Gotta agree with Chris on this one.
Although Palin's performance in the "Bigus Dikus" scene is a classic! Had me crying from laughing so hard.
If you look at Monty Python & The Holy Grail carefully, you'll notice that it's basically a bunch of vignettes with different characters, only loosely tied together. The Pythons more or less admit this. They were just trying to spoof movies about Arthurian legends, and nothing else in particular. Also, that's the reason for the abrupt ending of that film: they literally just ran out of money and ideas and needed a way to wrap it up.
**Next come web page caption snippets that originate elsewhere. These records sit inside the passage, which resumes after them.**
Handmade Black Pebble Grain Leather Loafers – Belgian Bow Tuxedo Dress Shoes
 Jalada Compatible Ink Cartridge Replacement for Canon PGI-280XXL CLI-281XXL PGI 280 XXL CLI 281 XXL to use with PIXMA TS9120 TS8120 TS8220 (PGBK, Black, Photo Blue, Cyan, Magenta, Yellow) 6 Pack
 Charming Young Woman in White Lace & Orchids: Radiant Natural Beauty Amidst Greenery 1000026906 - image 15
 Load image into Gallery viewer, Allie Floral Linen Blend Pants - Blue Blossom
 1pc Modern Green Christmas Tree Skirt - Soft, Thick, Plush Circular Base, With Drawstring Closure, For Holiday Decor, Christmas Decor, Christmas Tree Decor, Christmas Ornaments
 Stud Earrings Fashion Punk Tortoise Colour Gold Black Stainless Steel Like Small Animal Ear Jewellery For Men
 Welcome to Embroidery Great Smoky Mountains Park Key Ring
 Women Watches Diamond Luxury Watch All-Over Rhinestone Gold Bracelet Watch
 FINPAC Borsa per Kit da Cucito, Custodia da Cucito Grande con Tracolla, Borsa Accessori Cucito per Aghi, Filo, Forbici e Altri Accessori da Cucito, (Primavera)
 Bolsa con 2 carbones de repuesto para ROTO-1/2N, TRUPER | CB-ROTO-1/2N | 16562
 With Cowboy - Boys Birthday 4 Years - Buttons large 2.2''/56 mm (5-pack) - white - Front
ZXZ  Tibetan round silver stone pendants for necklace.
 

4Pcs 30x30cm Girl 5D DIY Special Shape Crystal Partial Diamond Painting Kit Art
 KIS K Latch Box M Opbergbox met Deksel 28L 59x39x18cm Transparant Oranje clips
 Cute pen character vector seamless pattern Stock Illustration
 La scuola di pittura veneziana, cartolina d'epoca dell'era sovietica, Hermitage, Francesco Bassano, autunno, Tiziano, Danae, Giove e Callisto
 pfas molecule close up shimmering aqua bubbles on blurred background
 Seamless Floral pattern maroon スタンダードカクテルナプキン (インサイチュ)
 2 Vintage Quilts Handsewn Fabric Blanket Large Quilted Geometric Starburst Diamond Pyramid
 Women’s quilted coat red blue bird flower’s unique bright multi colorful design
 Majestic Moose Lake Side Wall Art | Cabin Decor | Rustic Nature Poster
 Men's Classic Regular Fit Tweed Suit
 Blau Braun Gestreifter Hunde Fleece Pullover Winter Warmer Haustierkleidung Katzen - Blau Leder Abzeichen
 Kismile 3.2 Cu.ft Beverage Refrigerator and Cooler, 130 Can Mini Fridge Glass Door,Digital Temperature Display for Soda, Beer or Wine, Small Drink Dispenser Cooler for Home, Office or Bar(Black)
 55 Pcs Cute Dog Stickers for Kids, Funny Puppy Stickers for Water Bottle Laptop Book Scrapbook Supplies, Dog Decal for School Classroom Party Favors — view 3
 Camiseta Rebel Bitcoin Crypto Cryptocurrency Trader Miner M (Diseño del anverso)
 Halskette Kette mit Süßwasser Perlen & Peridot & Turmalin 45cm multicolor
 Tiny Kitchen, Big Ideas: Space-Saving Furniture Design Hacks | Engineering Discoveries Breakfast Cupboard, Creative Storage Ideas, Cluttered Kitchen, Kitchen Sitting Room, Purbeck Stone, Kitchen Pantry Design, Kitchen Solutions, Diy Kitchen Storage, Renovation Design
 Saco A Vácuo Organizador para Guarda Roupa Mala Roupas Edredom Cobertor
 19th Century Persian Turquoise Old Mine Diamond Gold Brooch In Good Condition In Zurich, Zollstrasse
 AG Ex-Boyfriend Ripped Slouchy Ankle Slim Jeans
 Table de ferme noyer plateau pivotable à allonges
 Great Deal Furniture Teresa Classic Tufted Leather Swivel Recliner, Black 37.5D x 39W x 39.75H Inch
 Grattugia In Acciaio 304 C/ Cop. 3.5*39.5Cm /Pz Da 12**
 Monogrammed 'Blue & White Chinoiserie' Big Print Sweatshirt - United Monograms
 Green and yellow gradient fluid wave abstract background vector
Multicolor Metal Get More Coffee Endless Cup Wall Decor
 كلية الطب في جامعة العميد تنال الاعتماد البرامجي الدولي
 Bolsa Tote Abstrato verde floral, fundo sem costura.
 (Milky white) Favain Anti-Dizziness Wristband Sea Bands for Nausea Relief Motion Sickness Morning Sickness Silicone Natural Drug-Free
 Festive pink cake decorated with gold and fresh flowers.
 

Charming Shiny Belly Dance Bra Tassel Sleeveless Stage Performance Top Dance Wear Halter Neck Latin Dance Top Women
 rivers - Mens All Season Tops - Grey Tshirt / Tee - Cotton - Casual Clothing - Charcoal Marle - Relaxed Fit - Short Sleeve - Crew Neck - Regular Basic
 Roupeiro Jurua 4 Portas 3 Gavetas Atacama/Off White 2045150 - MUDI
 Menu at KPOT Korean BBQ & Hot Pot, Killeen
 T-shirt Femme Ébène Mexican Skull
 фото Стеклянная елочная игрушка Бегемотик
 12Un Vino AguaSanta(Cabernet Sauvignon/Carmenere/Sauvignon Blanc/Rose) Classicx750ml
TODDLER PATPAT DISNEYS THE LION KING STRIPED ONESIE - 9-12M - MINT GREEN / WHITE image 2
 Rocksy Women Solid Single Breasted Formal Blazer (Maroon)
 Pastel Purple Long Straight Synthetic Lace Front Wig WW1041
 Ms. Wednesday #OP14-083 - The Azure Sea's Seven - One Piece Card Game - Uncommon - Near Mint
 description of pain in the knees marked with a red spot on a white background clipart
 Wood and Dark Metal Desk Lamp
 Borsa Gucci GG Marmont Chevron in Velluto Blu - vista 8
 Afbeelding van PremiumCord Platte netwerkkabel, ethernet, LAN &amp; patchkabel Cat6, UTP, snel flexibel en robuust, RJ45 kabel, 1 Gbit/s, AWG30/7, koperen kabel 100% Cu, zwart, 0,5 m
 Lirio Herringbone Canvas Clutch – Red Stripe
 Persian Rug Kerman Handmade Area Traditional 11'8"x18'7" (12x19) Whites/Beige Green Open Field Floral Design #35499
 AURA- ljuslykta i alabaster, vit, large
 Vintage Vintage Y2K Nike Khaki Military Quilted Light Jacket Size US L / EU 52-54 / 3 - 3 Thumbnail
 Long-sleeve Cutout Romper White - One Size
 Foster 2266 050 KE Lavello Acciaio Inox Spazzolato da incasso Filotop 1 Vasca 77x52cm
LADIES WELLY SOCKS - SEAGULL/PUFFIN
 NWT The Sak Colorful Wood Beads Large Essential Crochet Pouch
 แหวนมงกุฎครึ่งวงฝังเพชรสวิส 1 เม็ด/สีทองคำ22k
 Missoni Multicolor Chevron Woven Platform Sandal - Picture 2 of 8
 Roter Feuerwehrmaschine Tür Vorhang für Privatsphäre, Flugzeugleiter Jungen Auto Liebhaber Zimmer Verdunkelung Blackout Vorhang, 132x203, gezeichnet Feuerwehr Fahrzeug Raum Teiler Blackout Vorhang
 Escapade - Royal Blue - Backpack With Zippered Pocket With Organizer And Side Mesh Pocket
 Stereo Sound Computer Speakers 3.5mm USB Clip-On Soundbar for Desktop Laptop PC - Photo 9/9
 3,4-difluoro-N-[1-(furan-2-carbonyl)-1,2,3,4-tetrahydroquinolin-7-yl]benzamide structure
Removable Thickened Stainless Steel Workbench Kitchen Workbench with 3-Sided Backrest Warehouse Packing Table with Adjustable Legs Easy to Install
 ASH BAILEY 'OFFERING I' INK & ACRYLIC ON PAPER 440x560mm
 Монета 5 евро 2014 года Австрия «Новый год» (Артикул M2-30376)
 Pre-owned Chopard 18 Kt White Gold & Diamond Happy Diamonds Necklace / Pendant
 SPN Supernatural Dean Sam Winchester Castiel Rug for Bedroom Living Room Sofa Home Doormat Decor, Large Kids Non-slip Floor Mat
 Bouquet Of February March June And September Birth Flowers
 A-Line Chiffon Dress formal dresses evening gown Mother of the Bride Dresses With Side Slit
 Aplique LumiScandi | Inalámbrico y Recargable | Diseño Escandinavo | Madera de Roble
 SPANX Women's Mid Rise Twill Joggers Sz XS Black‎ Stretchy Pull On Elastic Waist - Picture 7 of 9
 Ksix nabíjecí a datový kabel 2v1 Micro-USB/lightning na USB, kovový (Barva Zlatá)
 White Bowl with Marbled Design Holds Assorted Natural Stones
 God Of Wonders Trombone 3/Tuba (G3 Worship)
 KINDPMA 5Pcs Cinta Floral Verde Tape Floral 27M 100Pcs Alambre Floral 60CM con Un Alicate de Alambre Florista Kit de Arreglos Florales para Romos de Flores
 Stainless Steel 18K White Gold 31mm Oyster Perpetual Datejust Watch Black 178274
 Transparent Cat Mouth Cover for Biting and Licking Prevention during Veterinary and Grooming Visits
Grail also changes focus constantly; the story isn't "about" anyone in particular. The Life Of Brian is about one man and his singular journey, with a few things about the supporting characters here and then. (Like Loretta, who is a scream.)
All that said, I would have to agree that the Biggus Dickus scene has to be one of the funniest scenes ever put on film. I probably did brain damage to myself, I laughed so hard at that one.
Actually, the first thing I thought was, "This must be the world's answer to The Passion of Christ."
The point is one of the ways to dissipate or even destroy the power of a genre or a work of art is parody. Life of Brian, as funny as it is, is a parody of the Gospels. So from a worldly perspective of course that's the movie to raise up to counter, in the public debate and in folks' private experiences, the Passion. Life of Brian will attempt to dilute the force of the Passion in people's minds and remind people of silly comments in conversations about the crucifixion.
Brian was a very funny movie. The timing of the release is suspicious.
You're not dense. You just don't know how the devil thinks.
I'd been disappointed enough in The Holy Grail that I almost did not go to see Life of Brian. If it hadn't been for the Christians marching outside with signs damning the movie I never would have seen it. They considered themselves 'serious Christians'. I suppose you haven't met any of them. Of course, I strongly suspect none of them ever saw the movie either.
Oh... and I also consider it one of the funniest movies ever made... and I'll probably be humming "Always Look On The Bright Side of Life" for the rest of the day.
PILATE:
Whom would you have me welease?
GUY IN CROWD:
Welease Woger!
CROWD:
Yes! Welease Woger! Welease Woger! [laughing]
PILATE:
Vewy well. I shall welease Woger!
CROWD:
[cheering]
CENTURION:
Sir, uh, we don't have a 'Woger', sir.
PILATE:
What?
CENTURION:
Uh, we don't have anyone of that name, sir.
PILATE:
Ah. We have no 'Woger'!
CROWD:
Ohhhhh!
BOB:
Well, what about Wodewick, then?
CROWD:
Yes! Welease Wodewick! Welease Wodewick!
PILATE:
Centuwion, why do they titter so?
CENTURION:
Just some, uh, Jewish joke, sir.
PILATE:
Are they... wagging me?
CENTURION:
Oh, no, sir!
GUARD #3:
[chuckling]
PILATE:
Vewy well. I shall welease... Wodewick!
CROWD:
[laughing]
CENTURION:
Sir, we don't have a 'Roderick' either.
PILATE:
No 'Woger'? No 'Wodewick'?
CENTURION:
Sorry, sir.
PILATE:
Who is this 'Wod'--
GUARD #1:
[chuckle]
PILATE:
Who is the 'Wodewick' to whom you wefer?
BOB:
He's a wobber!
CROWD:
[laughing]
MAN:
And a wapist!
CROWD:
[laughing]
WOMAN:
And a pickpocket!
PILATE:
He sounds a notowious cwiminal.
CENTURION:
We haven't got him, sir. Mm hm.
PILATE:
Do we have anyone in our pwisons at all?
CENTURION:
Oh, yes, sir. We've got, uh, 'Samson', sir.
PILATE:
Samson?
CENTURION:
Samson the Sadducee Strangler, sir. Uh, Silus the Syrian Assassin. Uh, several seditious scribes from Caesarea. Uhhh, sixty-seven seers from--
BIGGUS:
Let me thpeak to them, Pontiuth!
CENTURION:
Oh, no. Oh.
PILATE:
Ah. Good idea, Biggus.
BIGGUS:
Thitizens! We have Thamthon the Thadduthee Thtrangler, Thilus...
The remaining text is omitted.